With tens of billions of devices currently in operation, it is staggering to think how much data Internet of Things (IoT) hardware is collecting day in and day out. These systems carry out just about any task that you can conceive of, ranging from monitoring agricultural operations to tracking wildlife and smart city infrastructure management. It is common for IoT sensors to be organized into very large, distributed networks with many thousands of nodes. All of that data needs to be analyzed to make sense of it, so it is transmitted to powerful cloud computing systems in most cases.
This arrangement works reasonably well, but it is not the ideal solution. Centralized processing comes with some downsides, like high hardware, energy, and communications costs. Remote processing also introduces latency into the system, which hinders the development of real-time applications. For reasons such as these, a much better solution would be to run the processing algorithms directly on the IoT hardware, right at the point where it is being collected (or at least very near to that location on edge hardware).
A high-level overview of the proposed system (📷: E. Mensah et al.)
Of course this is not as easy as flipping a switch. The algorithms are often very computationally expensive, which is why the work is being offloaded in the first place. The tiny microcontrollers and nearby low-power edge devices simply do not have the resources needed to handle these big jobs. Engineers at the University of Washington have developed a new algorithm that they believe could help us to make the shift toward processing sensor data at or near the point of collection, however. Their novel approach was designed to make deep learning — even multi-modal models — more efficient, reliable, and usable for high-resolution ecological monitoring and other edge-based applications.
The system’s architecture builds on the MobileViTV2 model, enhanced with Mixture of Experts (MoE) transformer blocks to optimize computational efficiency while maintaining high performance. The integration of MoE allows the model to selectively route different data patches to specialized computational “experts,” enabling sparse, conditional computation. To enhance adaptability, the routing mechanism uses clustering techniques, such as Agglomerative Hierarchical Clustering, to initialize expert selection based on patterns in the data. This clustering ensures that patches with similar features are processed efficiently while maintaining high accuracy.
Training stability was another key consideration, as MoE routing can be challenging with smaller datasets or diverse inputs. The model addresses this through pre-training optimizations, such as initializing the router with centroids derived from representative data patches. These centroids are refined iteratively using an efficient algorithm that selects the most relevant features, ensuring computational feasibility and improved routing precision. The architecture also incorporates lightweight adjustments to the Multi-Layer Perceptron modules within the experts, including low-rank factorization and correction terms, to balance efficiency and accuracy.

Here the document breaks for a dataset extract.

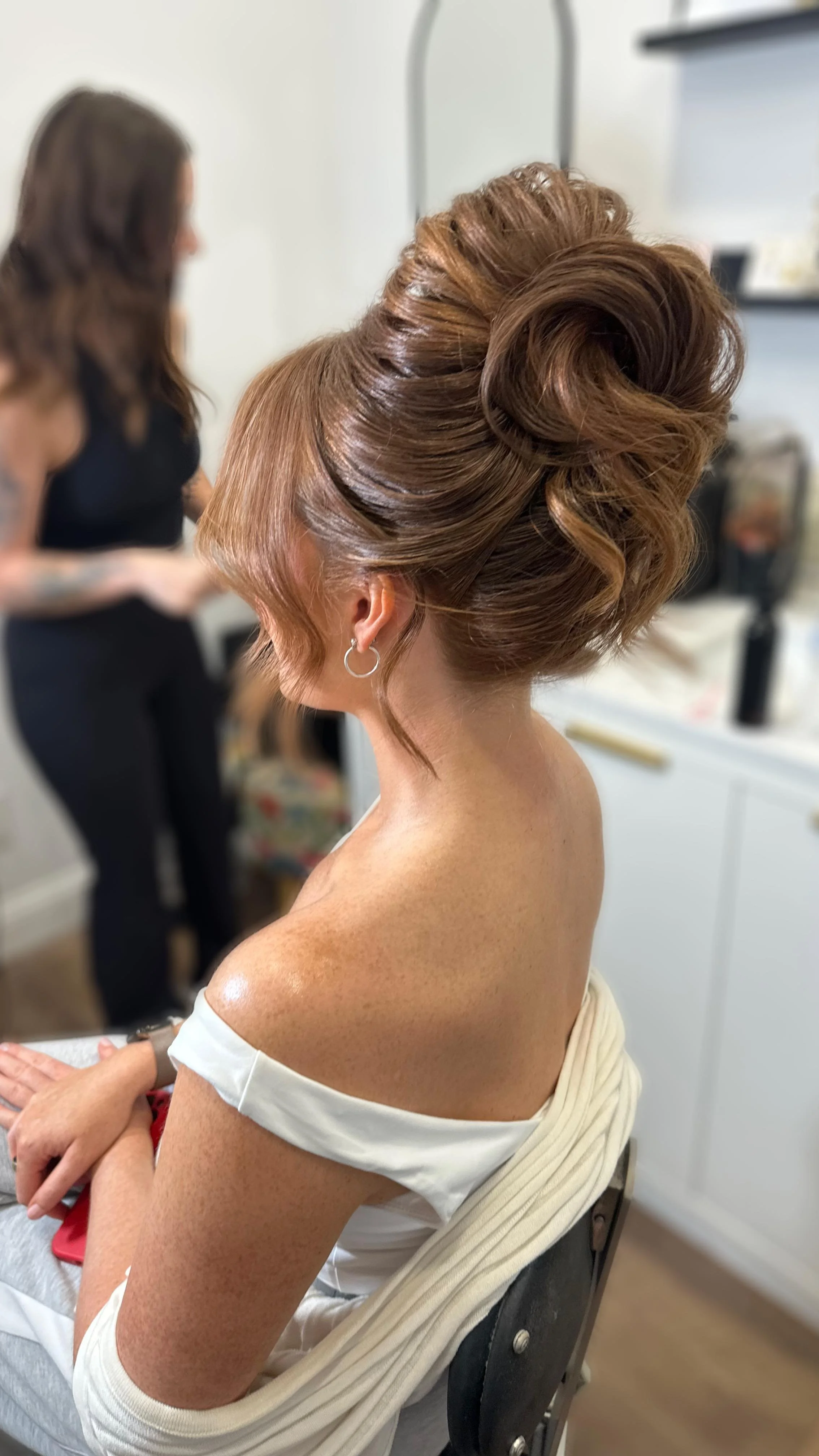 Save this for your next updo inspo! 💖
Updos don’t have to make you feel exposed. A high updo is perfect if you’re worried about showing too much — because a little height balances everything out, frames your features, and keeps th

Sample expert groupings from the final transformer layer (📷: E. Mensah et al.)
To evaluate the system, its ability to perform fine-grained bird species classifications was tested. The training process began by pre-training the MobileViTV2-0.5 model on the iNaturalist ’21 birds dataset. During this process, the final classification head was replaced with a randomly initialized 60-class output layer. That enabled the model to learn general features of bird species before being fine-tuned with the MoE setup for the specific task of species discrimination.
The evaluation demonstrated that the MoE-enhanced model maintained semantic class groupings during fine-tuning and achieved promising results despite a reduced parameter count. Expert routing, particularly at the final transformer layer, was shown to effectively handle patches, minimizing compute and memory requirements. However, performance scaling was limited by the small amount of training data, indicating the need for larger datasets or enhanced strategies for handling sparse data. Experiments revealed that while increasing batch size without corresponding data scaling reduced generalization, routing techniques and modifications to mitigate background effects could improve accuracy.
The evaluation highlighted the potential of this approach to deliver computational efficiency and adaptability in edge machine learning tasks. Accordingly, these algorithms could be deployed on resource-constrained devices like Raspberry Pis or even mobile platforms powered by solar energy in the future.